Judge Kane said he analyzed the plaintiffs' positions only to the extent that he could “extract them from the morass” of the briefing filed by Hernandez.  “I have struggled to decipher plaintiffs’ legal arguments throughout this case,” Judge Kane wrote.  “Those that pertain to the attorney fee award are no exception.”  The judge sided with the defendants’ expert witness’ testimony that the hours of legal work they expended defending the case were reasonable and necessary over the plaintiffs’ argument, which was based not an expert’s testimony but an “unreliable and bewildering” 24-factor test of Hernandez’s own concoction.

Judge Kane also noted that throughout the litigation, the plaintiffs had repeatedly made extra work for the defendants, such as filing a 40-page motion for more time to respond to the defendants’ motion to dismiss.  After the defendants filed a seven-page opposition to that motion, the plaintiffs followed with a 47-page reply brief that “illustrates a system gone mad,” the judge said.

Terence Ridley of Wheeler Trigg O’Donnell LLP, who represented First American Property and Insurance Co. and argued on behalf of all fee-seeking defendants, told Law360 that he was honored to argue the motion for the numerous insurers, saying that “the language of the order is important, and the order is important.”  Hernadez told Law360 via email that Judge Kane's ruling had failed to address key issues, including whether Colorado's attorneys fee statute was preempted by federal law, and the fact that the defendants had filed more papers and other documents in the case than the plaintiffs. 

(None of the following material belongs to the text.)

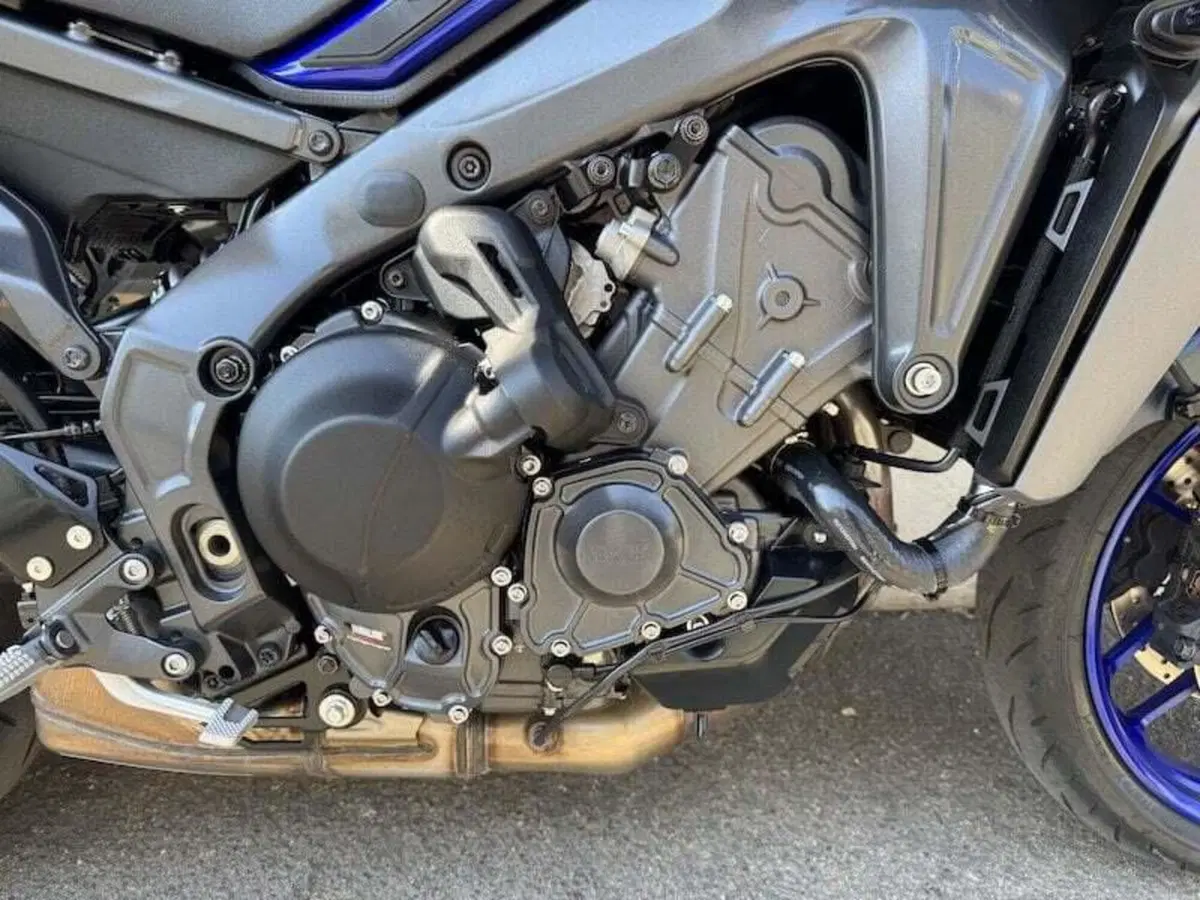 Yamaha MT-09 Y-AMT (2024 - 26) (6)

"If one were to take the time to review the actual documents on the public record (which is something I would encourage anyone truly interested in the case to do), they would likely find that the ruling failed to include the necessary treatment of at least eight extremely significant issues raised," he said. 

Named plaintiff Dale Snyder and 17 others filed suit in June 2014, and in a 260-page amended complaint asserted 23 claims against 113 defendants, alleging a broad, multi-decade conspiracy to deny homeowners coverage of damages from floods and fires.  In January 2016, Judge Kane dismissed the suit due to the plaintiffs' failure to include a “short and plain statement of the claim showing that the pleader is entitled to relief” in the complaint.  The Tenth Circuit affirmed that ruling in May 2017 and ordered appellate attorneys' fees to be awarded to the defendants.

The case is Dale Snyder et al. v. ACORD Corporation et al., case number 1:14-cv-01736, in the U.S. District Court for the District of Colorado.